Connectivity between different databases is important for wide-spread access to information and the means to add value to annotations by taking advantage of the strengths of various systems. Most sequence data collected to date has been disseminated in the flat file data format of the INSD. Although ASAP uses an expanded feature type definition list, all feature types used in ASAP are mapped to appropriate standard types used by the INSD and the data in ASAP can be readily converted to this format for submission in the public databanks. This allows us to subdivide heterogeneous INSD categories like ‘/misc_feature’ to facilitate querying meaningful subsets of features. No single data exchange standard exists for sequence information and related experimental data although useful suggestions for standards have been proposed such as the XML specifications of the Distributed Annotation System (DAS) ( 8 ) for sequence annotations and numerous approaches for standardization of microarray data ( 9 ). Although not currently compatible with these systems, ASAP is extensible through additional scripts to provide data in a variety of alternative formats. All tables viewed through ASAP are currently available for download as tab-delimited text files.

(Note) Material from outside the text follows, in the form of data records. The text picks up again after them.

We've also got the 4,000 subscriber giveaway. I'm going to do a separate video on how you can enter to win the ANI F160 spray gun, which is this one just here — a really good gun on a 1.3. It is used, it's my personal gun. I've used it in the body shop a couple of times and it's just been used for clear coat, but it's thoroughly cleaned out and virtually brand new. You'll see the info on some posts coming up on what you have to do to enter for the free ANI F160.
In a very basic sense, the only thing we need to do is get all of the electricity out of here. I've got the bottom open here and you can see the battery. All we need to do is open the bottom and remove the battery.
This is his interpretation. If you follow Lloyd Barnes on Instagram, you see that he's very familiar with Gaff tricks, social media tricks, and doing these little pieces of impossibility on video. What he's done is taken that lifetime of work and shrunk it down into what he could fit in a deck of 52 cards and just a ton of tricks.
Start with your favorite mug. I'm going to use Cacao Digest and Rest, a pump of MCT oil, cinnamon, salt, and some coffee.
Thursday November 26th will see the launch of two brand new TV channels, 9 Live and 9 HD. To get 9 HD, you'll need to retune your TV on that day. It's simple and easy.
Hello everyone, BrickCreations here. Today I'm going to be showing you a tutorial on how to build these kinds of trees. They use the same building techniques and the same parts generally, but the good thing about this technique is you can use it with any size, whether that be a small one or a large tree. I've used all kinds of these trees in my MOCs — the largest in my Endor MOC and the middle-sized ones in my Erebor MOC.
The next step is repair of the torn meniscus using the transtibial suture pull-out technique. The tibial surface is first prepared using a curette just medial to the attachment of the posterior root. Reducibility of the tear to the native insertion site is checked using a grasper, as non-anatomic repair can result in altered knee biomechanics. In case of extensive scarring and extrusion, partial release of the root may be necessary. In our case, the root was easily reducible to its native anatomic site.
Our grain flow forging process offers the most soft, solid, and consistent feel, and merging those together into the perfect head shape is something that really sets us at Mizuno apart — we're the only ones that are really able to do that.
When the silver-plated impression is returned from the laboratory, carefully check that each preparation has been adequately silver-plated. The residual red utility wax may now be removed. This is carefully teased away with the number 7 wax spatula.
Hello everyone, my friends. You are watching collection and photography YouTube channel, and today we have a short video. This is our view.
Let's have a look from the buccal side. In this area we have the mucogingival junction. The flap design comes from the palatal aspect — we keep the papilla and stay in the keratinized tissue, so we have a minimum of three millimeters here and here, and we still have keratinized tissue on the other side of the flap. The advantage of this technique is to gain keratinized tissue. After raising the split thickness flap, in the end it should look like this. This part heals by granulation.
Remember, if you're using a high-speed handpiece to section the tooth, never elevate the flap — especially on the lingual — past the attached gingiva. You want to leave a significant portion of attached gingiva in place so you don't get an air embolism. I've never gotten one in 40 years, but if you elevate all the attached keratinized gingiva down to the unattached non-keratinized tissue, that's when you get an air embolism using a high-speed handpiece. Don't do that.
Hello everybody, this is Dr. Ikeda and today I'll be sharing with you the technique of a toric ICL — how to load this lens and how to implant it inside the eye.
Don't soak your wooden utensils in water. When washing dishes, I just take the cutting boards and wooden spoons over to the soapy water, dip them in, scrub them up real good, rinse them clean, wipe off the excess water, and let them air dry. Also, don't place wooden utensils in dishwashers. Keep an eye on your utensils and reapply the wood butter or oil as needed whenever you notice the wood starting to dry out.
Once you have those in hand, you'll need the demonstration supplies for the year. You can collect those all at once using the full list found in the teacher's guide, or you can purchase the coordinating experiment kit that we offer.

The goal of the ASAP system is to provide support for extensive community input of annotation information, rapid public dissemination of this information as well as to maintain some control over the quality and consistency of annotations by indicating their approval by the database curator. Permission to perform database operations is controlled by a user's status as a guest, an annotator or a curator. Guests can view genomes and experiments that are labelled for public release in the database. Guests can also comment on the annotation of genome features by typing a note to the curator attached to each feature. These comments are not viewable by the public until reviewed and added to the annotation by the curator. Anyone willing to directly input data can request annotator status from the curator who will provide them with a username and password. The aim is to ensure that all annotations are attributed to a recognized user, not to restrict individuals from contributing information. Annotators are permitted to add annotations to features using a large number of pre-defined feature qualifiers, such as adding product names or gene functions for coding regions. The qualifier list, like the feature type definition is an expanded version of the INSD list. Annotators are not able to directly delete annotations to preserve a record of annotation history. Annotators can recommend changes to the existing features and annotations, such as changing the start coordinate of an open reading frame or deleting an incorrect annotation, to the curator who evaluates the recommendation and makes changes where appropriate. The addition of new features to the database, such as the addition of a new ORF, is also currently in the hands of the curator. As described below we have developed a simple interface that allows curators to add and modify features and annotations. Future development of the system will include additional scripts that improve the communication of changes between annotators and curators and speed the curators' ability to implement the changes. We are exploring the feasibility of allowing annotators to directly add features.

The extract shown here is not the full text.